Research Subjects
The following are open thesis and internship subjects. We are looking for motivated students, with an interest on high-level parallel programming models to address any of these subjects, or other interesting subjects in the domain.
PhD Subjects
- High-level GPGPU Programming with Algorithmic Skeletons.
This subject proposes the study of algorithmic skeletons for Personal Supercomputer programming, in particular multi-core and GPGPU programming. Multi-core and GPGPU architectures are hard to program with current technologies and tools. On the other hand, algorithmic skeletons offer a high-level abstraction which simplifies programming of parallel and distributed applications. The application of algorithmic skeletons to multi-core and GPGPU infrastructures can help overcome these difficulties.
Master Subjects
- Combined stateless and stateful Algorithmic Skeletons in distributed programming.
A recurrent hypothesis in Algorithmic Skeleton distributed programming is to have stateless skeletons which can be distributed more efficiently. Nevertheless, this hypothesis acts as a restriction for programmers which must change their application design to be stateless. This subject aims to combine both stateless and stateful skeletons, thus providing more expressiveness to algorithmic skeleton programming.
- Design and implementation of a Workflow runtime using Algorithmic Skeletons.

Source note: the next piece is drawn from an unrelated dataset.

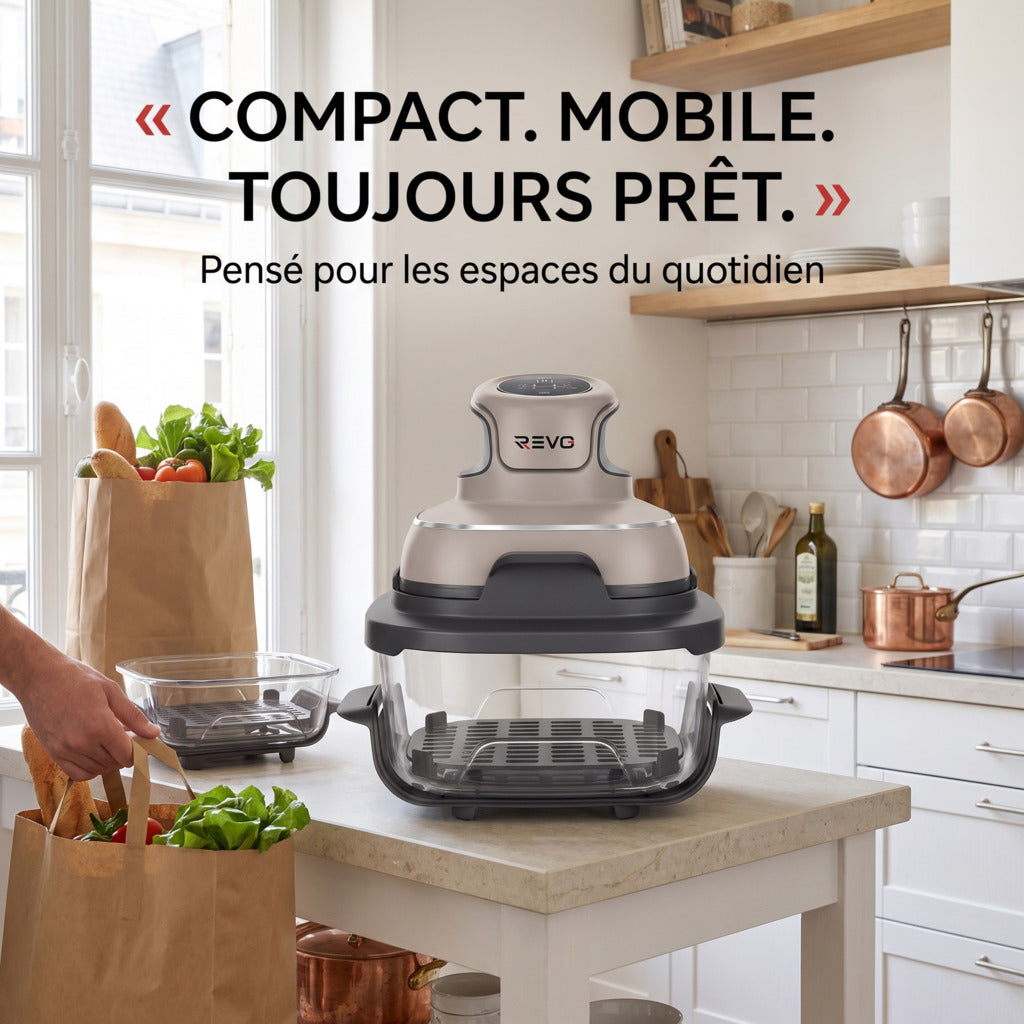 Air Fryer REVO Nomad 38 – Friteuse sans huile portable 4-en-1 – 1 700 W – Récipients en verre 3,8 L & 1,4 L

Workflows are a well known high-level tools to program parallel and distributed computations. The goal of this research is to determine if algorithmic skeletons are as expressive as workflows, by designing and implementing a workflow runtime on top of algorithmic skeletons. This research can be either theoretical, practical or both.
Engineering Subjects
- Design and Implementation of Skandium library in C++.
The goal of this research is to port the Java Skandium Library to the C++ language.
- Exception Management in Algorithmic Skeletons.
One of the disadvantages of providing Algorithmic Skeletons as a library is that the exception stack is relative to the host language, not to the algorithmic skeleton patterns. The goal of this research is to provide a stack exception transformation to have a logic view of the stacks with respect to the nested skeleton pattern.
- Event Management in Algorithmic Skeletons.
The execution of an an algorithmic skeleton program entails the generation of many events. The goal of this research is to design and develop a uniform event management for Skandium which can be used to monitor the execution, trigger associated executions, etc.
- Parallel implementation of DNSSEC with Algorithmic Skeletons.
DNSSEC corresponds to the security extension to the DNS system, which cryptographically signs domain zones. The process of signing is CPU intensive and can be parallelized to improve performance. Thus, this problem provides a "real world" use case for algorithmic skeletons.
- Design and implementation of a Benchmark Set for Algorithmic Skeletons.
The goal of this research is to provide a set of standard problems which can be used to benchmark algorithmic skeletons. The result should be something like the NAS Parallel Benchmarks but specific for each skeleton pattern.